Sci Signal. 2014 Jun 3;7(328):ra53. doi: 10.1126/scisignal.2005051.
9
Tomato PYR/PYL/RCAR abscisic acid receptors show high expression in root, differential sensitivity to the abscisic acid agonist quinabactin, and the capability to enhance plant drought resistance.番茄PYR/PYL/RCAR 脱落酸受体在根中表达量高,对脱落酸激动剂喹哪啶酮具有不同的敏感性,并且能够增强植物的抗旱性。
J Exp Bot. 2014 Aug;65(15):4451-64. doi: 10.1093/jxb/eru219. Epub 2014 May 26.
10
Abscisic acid suppresses hypocotyl elongation by dephosphorylating plasma membrane H(+)-ATPase in Arabidopsis thaliana.脱落酸通过使拟南芥质膜H(+) -ATP酶去磷酸化来抑制下胚轴伸长。
Plant Cell Physiol. 2014 Apr;55(4):845-53. doi: 10.1093/pcp/pcu028. Epub 2014 Feb 2.

PYR1/PYL/RCAR脱落酸受体在响应发育和环境信号时的时空特异性。

The spatio-temporal specificity of PYR1/PYL/RCAR ABA receptors in response to developmental and environmental cues.

作者信息

Sun Shenshen, Fan Wenqiang, Mu Zixin

机构信息

a College of Life Sciences, Northwest A&F University , Yangling , Shaanxi , China.

出版信息

Plant Signal Behav. 2017 Nov 2;12(11):e1214793. doi: 10.1080/15592324.2016.1214793. Epub 2016 Aug 5.

DOI:10.1080/15592324.2016.1214793
PMID:27494292
原文链接:https://pmc.ncbi.nlm.nih.gov/articles/PMC5703246/
Abstract

From the different functions ABA exerted between the aboveground and belowground, seed and vegetative tissues, primary root and lateral root, stimulating stomatal closure and inhibiting stomatal opening, between young and senescence leaves in stomatal movement, among different cells in plasma membrane water permeability, we addressed the organ-, tissue-, cell-, physiological processes-, and development stage specificities of PYR1/PYL/RCAR ABA receptors.
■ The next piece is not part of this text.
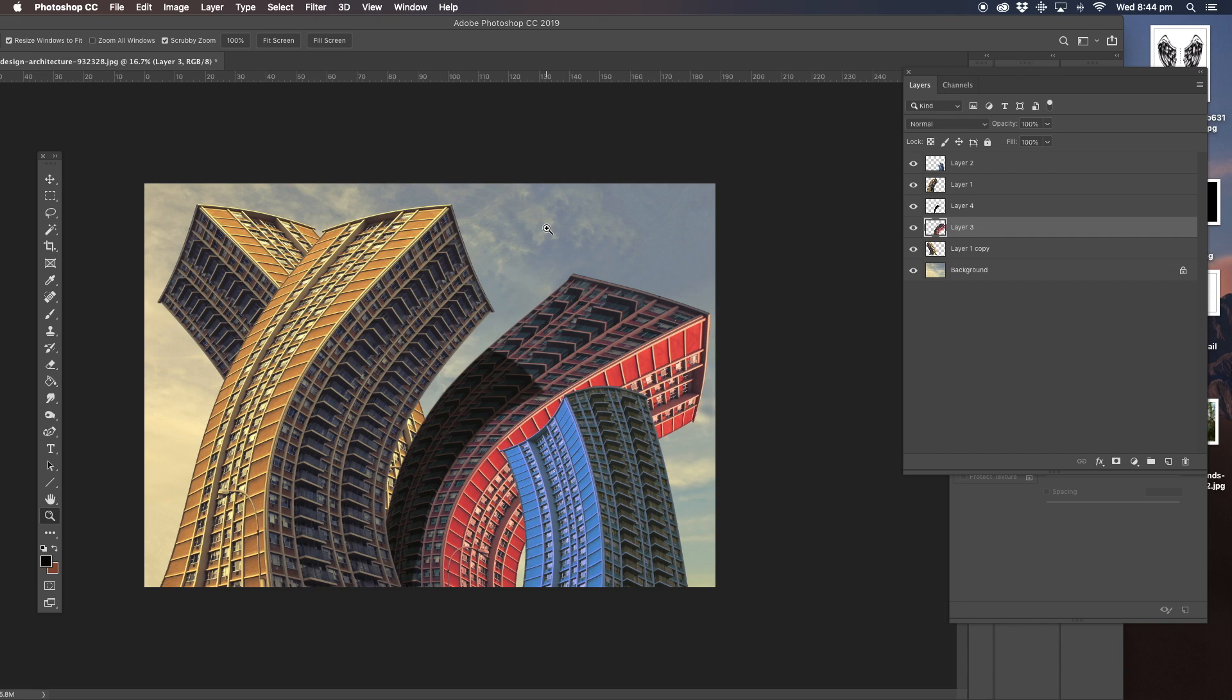And I'm pretty sure we're done guys. So that's how you do some warping buildings in Photoshop. Thanks for watching. Bye.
This specificity may reflect the spatio-temporal properties of water potentials as well as the endogenous ABA levels in detail context, which plus the various affinities among this receptor families, resulted in the specificity of the transcripts as well as genes functions. PYR1/PYL/RCAR ABA receptors may integrate the message of ABA resource (local signaling or long distance signaling) and concentration, thus fine-tuning ABA response to environmental- and developmental cues. It also evolutionally affording land plants sophisticated mechanism to survival adverse environments.

摘要

从脱落酸(ABA)在地上和地下部分、种子和营养组织、主根和侧根之间发挥的不同功能,刺激气孔关闭和抑制气孔开放,在气孔运动中幼叶和衰老叶片之间的作用,以及在质膜水通透性方面不同细胞之间的作用,我们探讨了PYR1/PYL/RCAR ABA受体的器官、组织、细胞、生理过程和发育阶段特异性。这种特异性可能详细反映了水势的时空特性以及内源性ABA水平,再加上该受体家族之间的各种亲和力,导致了转录本以及基因功能的特异性。PYR1/PYL/RCAR ABA受体可能整合了ABA来源(局部信号或长距离信号)和浓度的信息,从而微调ABA对环境和发育线索的响应。它在进化上也为陆地植物提供了在不利环境中生存的复杂机制。